Just think to what we could have now if RvR had received in the years the same focus and numbers of reiterations that went into PvE.

That’s what I’m saying. RvR is still a closed door. The first step.


eldaec:
On the first question, is open RvR ever going to have mass appeal? I don’t know. Indications from daoc were that it’s worth a try, the casual players genuinely liked 100 v 100 face offs at keeps. The hardcore liked the open aspect of RvR much less, because it diluted their individual advantages. Certainly RvR is the only major thing that is unique to Mythic and WAR – and it’s the only mechanism I’ve seen for having hardcore and casual players interact constructively – so it seems nuts to focus instead on something that is already the focus of games like GW. At the end of the day, what we do know is that meaningful sport pvp is an unlikely premise for a mass appeal game, while RvR is at least unknown.

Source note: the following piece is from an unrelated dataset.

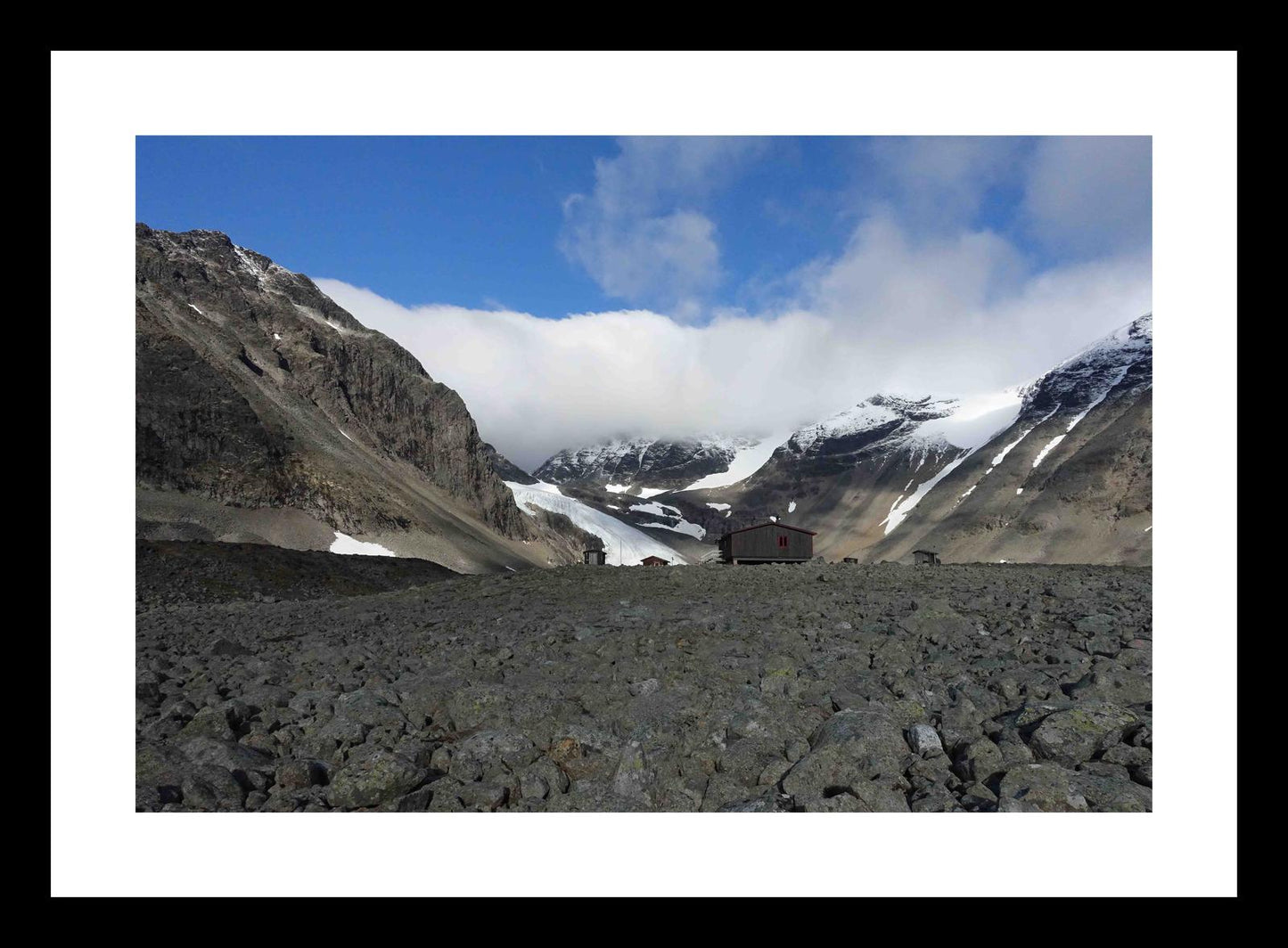 Tarfala Valley (September 2016) Framed Art Print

First off, prep-work. The beauty of RvR prep work was that the double mega hardcore did (and enjoyed) the prep work for the casual masses. Casual players did not have to do prep work for RvR, but double mega hardcore players who wanted to get shit done in RvR had to communicate that prep work to the casuals, it wasn’t perfect, but I have yet to see a better MMOG model for getting hardcores to talk to casuals. Plus prep work was only necessary at all for the very largest RvR events, on your average night of RvR you just use the realm war map to go find the action.

Open RvR remains untested in the market since daoc. And that was pretty much a stealth product by recent standards, I don’t think you can automatically draw conclusions about how an RvR game would do today.

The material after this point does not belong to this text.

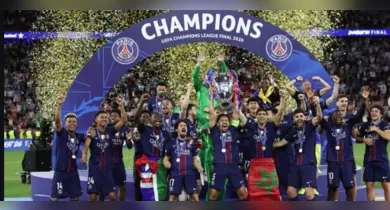 Imagem ilustrativa da notícia: PSG vence Arsenal e conquista o bicampeonato da Champions League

There is significant evidence that meaningful (as opposed to diversionary) sport pvp is hard to sustain in a typical mmog setting because it dramatically emphasizes differences in player skill, at the same time as limiting community size and so forcing the uber up against the noob too often.

But at the same time, the best you can say for RvR is that people who tried it usually liked it.

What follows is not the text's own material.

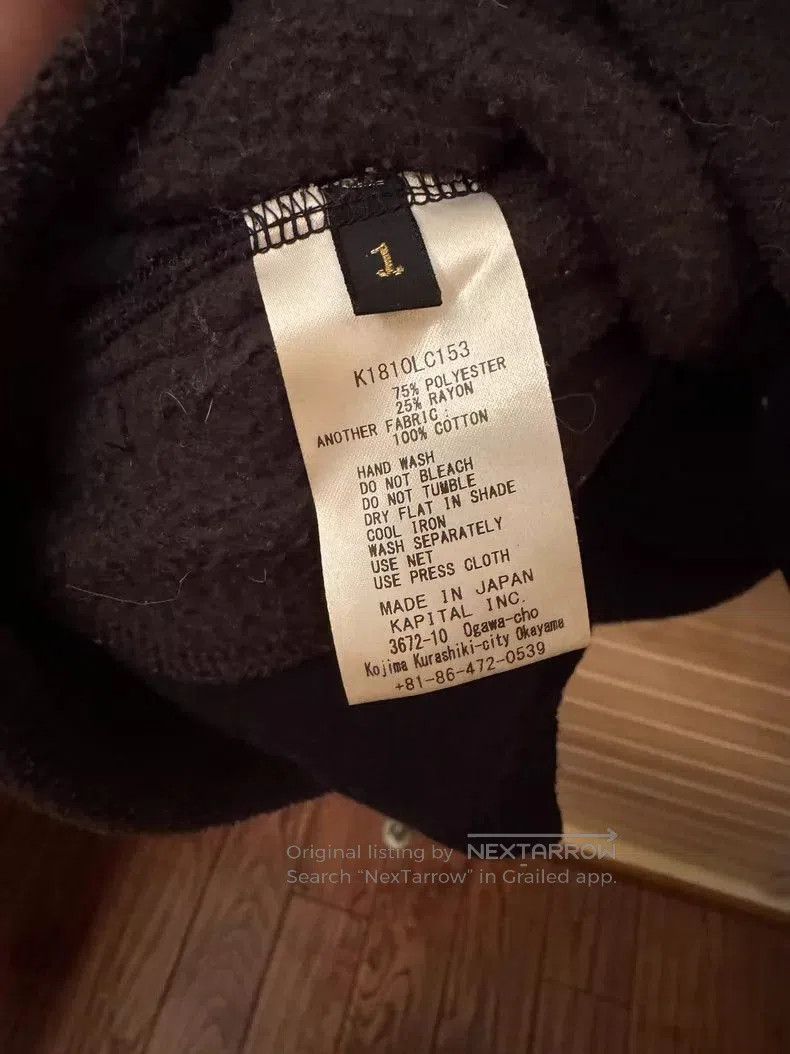 Kapital Kapital Black High Neck Fleece Sweatshirt Size US S / EU 44-46 / 1 - 6 Thumbnail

In daoc, assuming you survive to level 50 rr4 or so (ie. rvr viable, and yes, that needs to come sooner in WAR), your realm is, in effect, a form of guild.

But in a normal guild, the guild community can form around social links, and so it is naturally cohesive. In a realm on the other hand, the game has to build a community around the arbitary membership of the realm.

If people (scrubs included) don’t care that scrub participation in sport pvp hurts the realm, that means you didn’t set up an environment which builds the community right, and as such you already failed the most important precondition to make RvR work.

This is really key, if you make everyone believe they are involved in a genuinely realm versus realm competition, and believe that they can contribute, and believe that the rest of the realm is on their side; then tbh most other stuff falls into place by itself. DAOC was built entirely on that principle, in that game pve was ostensibly about building community, and open-RvR was how the community entertained itself on an open-ended basis.

A quote

A quote from Scott Hartsman. One of the few devs I still respect and have esteem for.

In online games beyond the boutique scale, you are #1 or you are Everyone Else.

“#1” obeys certain rules that I won’t get into, but stability-to-growth becomes easier and you’re far more protected from loss, barring extreme triggers.

For “Everyone Else,” the converse is true: You are generally in a net state of subtraction over time. It’s just a matter of the rate. It takes extreme triggers to cause stability or gain.

For an MMO in the Everyone Else category, overall stability is actually a significant victory.

Therefore, saying that “EQ2’s investment isn’t paying off,” is most definitely incorrect — It’s paying off in that “stability” means we have a large percentage more subscribers right now than we would have had otherwise.

Worth quoting and giving it some visibility as it’s true in general and not just for EQ2.